▶ Work item
Repeat every line that appears below, with nothing altered.

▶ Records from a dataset
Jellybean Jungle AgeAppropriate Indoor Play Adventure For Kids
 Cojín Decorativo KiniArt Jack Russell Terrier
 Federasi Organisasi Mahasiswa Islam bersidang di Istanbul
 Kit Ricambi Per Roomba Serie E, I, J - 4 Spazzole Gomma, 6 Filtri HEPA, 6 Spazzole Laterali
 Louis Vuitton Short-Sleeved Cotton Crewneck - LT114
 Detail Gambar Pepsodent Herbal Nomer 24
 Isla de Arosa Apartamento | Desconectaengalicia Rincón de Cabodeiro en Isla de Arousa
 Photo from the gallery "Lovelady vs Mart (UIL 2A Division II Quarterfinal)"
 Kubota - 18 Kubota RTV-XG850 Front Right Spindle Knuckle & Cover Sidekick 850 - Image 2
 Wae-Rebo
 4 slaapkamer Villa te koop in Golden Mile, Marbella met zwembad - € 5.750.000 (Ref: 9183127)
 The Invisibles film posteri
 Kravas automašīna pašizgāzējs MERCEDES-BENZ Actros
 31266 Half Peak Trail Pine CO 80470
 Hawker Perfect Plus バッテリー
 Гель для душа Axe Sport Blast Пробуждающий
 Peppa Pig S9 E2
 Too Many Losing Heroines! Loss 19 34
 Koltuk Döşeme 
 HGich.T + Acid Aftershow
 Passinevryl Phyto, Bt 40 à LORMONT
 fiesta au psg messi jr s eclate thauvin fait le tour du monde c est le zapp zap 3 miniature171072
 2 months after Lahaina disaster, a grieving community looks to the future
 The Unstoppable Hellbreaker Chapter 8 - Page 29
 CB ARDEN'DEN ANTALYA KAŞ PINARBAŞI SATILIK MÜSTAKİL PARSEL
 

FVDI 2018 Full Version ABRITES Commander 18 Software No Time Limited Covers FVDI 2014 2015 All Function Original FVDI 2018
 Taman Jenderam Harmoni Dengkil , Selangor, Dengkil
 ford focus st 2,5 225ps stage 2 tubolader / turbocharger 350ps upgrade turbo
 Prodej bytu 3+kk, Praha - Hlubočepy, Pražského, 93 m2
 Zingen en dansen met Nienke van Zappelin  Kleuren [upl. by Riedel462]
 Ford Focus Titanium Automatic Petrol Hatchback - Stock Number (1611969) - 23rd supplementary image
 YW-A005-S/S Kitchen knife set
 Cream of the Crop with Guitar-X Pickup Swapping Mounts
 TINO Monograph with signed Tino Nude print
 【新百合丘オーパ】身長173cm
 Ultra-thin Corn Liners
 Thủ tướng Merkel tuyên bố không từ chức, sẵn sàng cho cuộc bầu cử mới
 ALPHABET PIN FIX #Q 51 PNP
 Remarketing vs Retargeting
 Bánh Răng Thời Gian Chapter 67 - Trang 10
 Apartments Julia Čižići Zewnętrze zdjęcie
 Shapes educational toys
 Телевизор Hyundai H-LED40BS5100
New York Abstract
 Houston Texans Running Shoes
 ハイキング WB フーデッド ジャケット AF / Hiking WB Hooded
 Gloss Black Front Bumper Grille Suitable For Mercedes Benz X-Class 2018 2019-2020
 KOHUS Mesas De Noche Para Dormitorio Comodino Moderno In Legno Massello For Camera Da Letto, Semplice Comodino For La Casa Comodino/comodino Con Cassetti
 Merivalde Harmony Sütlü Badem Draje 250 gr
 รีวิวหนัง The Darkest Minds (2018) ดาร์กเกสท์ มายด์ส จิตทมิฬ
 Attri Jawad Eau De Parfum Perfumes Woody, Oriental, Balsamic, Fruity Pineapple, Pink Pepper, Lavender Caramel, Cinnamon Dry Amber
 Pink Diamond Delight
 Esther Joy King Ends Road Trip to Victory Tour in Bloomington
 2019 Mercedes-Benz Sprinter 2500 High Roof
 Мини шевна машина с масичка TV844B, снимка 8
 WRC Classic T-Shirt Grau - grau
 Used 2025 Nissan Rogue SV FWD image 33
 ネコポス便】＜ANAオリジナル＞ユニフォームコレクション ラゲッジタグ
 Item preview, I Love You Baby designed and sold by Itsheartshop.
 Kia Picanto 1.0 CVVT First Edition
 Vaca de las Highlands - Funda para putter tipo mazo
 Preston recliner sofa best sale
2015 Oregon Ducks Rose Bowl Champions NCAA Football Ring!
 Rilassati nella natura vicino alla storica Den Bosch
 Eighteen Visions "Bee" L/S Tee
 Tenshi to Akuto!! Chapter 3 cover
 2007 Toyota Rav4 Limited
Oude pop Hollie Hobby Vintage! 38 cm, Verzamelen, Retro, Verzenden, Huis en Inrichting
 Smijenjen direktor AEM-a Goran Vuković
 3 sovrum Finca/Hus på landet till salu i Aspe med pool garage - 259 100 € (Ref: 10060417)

▶ Reply to the exercise
Jellybean Jungle AgeAppropriate Indoor Play Adventure For Kids
 Cojín Decorativo KiniArt Jack Russell Terrier
 Federasi Organisasi Mahasiswa Islam bersidang di Istanbul
 Kit Ricambi Per Roomba Serie E, I, J - 4 Spazzole Gomma, 6 Filtri HEPA, 6 Spazzole Laterali
 Louis Vuitton Short-Sleeved Cotton Crewneck - LT114
 Detail Gambar Pepsodent Herbal Nomer 24
 Isla de Arosa Apartamento | Desconectaengalicia Rincón de Cabodeiro en Isla de Arousa
 Photo from the gallery "Lovelady vs Mart (UIL 2A Division II Quarterfinal)"
 Kubota - 18 Kubota RTV-XG850 Front Right Spindle Knuckle & Cover Sidekick 850 - Image 2
 Wae-Rebo
 4 slaapkamer Villa te koop in Golden Mile, Marbella met zwembad - € 5.750.000 (Ref: 9183127)
 The Invisibles film posteri
 Kravas automašīna pašizgāzējs MERCEDES-BENZ Actros
 31266 Half Peak Trail Pine CO 80470
 Hawker Perfect Plus バッテリー
 Гель для душа Axe Sport Blast Пробуждающий
 Peppa Pig S9 E2
 Too Many Losing Heroines! Loss 19 34
 Koltuk Döşeme 
 HGich.T + Acid Aftershow
 Passinevryl Phyto, Bt 40 à LORMONT
 fiesta au psg messi jr s eclate thauvin fait le tour du monde c est le zapp zap 3 miniature171072
 2 months after Lahaina disaster, a grieving community looks to the future
 The Unstoppable Hellbreaker Chapter 8 - Page 29
 CB ARDEN'DEN ANTALYA KAŞ PINARBAŞI SATILIK MÜSTAKİL PARSEL
 

FVDI 2018 Full Version ABRITES Commander 18 Software No Time Limited Covers FVDI 2014 2015 All Function Original FVDI 2018
 Taman Jenderam Harmoni Dengkil , Selangor, Dengkil
 ford focus st 2,5 225ps stage 2 tubolader / turbocharger 350ps upgrade turbo
 Prodej bytu 3+kk, Praha - Hlubočepy, Pražského, 93 m2
 Zingen en dansen met Nienke van Zappelin  Kleuren [upl. by Riedel462]
 Ford Focus Titanium Automatic Petrol Hatchback - Stock Number (1611969) - 23rd supplementary image
 YW-A005-S/S Kitchen knife set
 Cream of the Crop with Guitar-X Pickup Swapping Mounts
 TINO Monograph with signed Tino Nude print
 【新百合丘オーパ】身長173cm
 Ultra-thin Corn Liners
 Thủ tướng Merkel tuyên bố không từ chức, sẵn sàng cho cuộc bầu cử mới
 ALPHABET PIN FIX #Q 51 PNP
 Remarketing vs Retargeting
 Bánh Răng Thời Gian Chapter 67 - Trang 10
 Apartments Julia Čižići Zewnętrze zdjęcie
 Shapes educational toys
 Телевизор Hyundai H-LED40BS5100
New York Abstract
 Houston Texans Running Shoes
 ハイキング WB フーデッド ジャケット AF / Hiking WB Hooded
 Gloss Black Front Bumper Grille Suitable For Mercedes Benz X-Class 2018 2019-2020
 KOHUS Mesas De Noche Para Dormitorio Comodino Moderno In Legno Massello For Camera Da Letto, Semplice Comodino For La Casa Comodino/comodino Con Cassetti
 Merivalde Harmony Sütlü Badem Draje 250 gr
 รีวิวหนัง The Darkest Minds (2018) ดาร์กเกสท์ มายด์ส จิตทมิฬ
 Attri Jawad Eau De Parfum Perfumes Woody, Oriental, Balsamic, Fruity Pineapple, Pink Pepper, Lavender Caramel, Cinnamon Dry Amber
 Pink Diamond Delight
 Esther Joy King Ends Road Trip to Victory Tour in Bloomington
 2019 Mercedes-Benz Sprinter 2500 High Roof
 Мини шевна машина с масичка TV844B, снимка 8
 WRC Classic T-Shirt Grau - grau
 Used 2025 Nissan Rogue SV FWD image 33
 ネコポス便】＜ANAオリジナル＞ユニフォームコレクション ラゲッジタグ
 Item preview, I Love You Baby designed and sold by Itsheartshop.
 Kia Picanto 1.0 CVVT First Edition
 Vaca de las Highlands - Funda para putter tipo mazo
 Preston recliner sofa best sale
2015 Oregon Ducks Rose Bowl Champions NCAA Football Ring!
 Rilassati nella natura vicino alla storica Den Bosch
 Eighteen Visions "Bee" L/S Tee
 Tenshi to Akuto!! Chapter 3 cover
 2007 Toyota Rav4 Limited
Oude pop Hollie Hobby Vintage! 38 cm, Verzamelen, Retro, Verzenden, Huis en Inrichting
 Smijenjen direktor AEM-a Goran Vuković
 3 sovrum Finca/Hus på landet till salu i Aspe med pool garage - 259 100 € (Ref: 10060417)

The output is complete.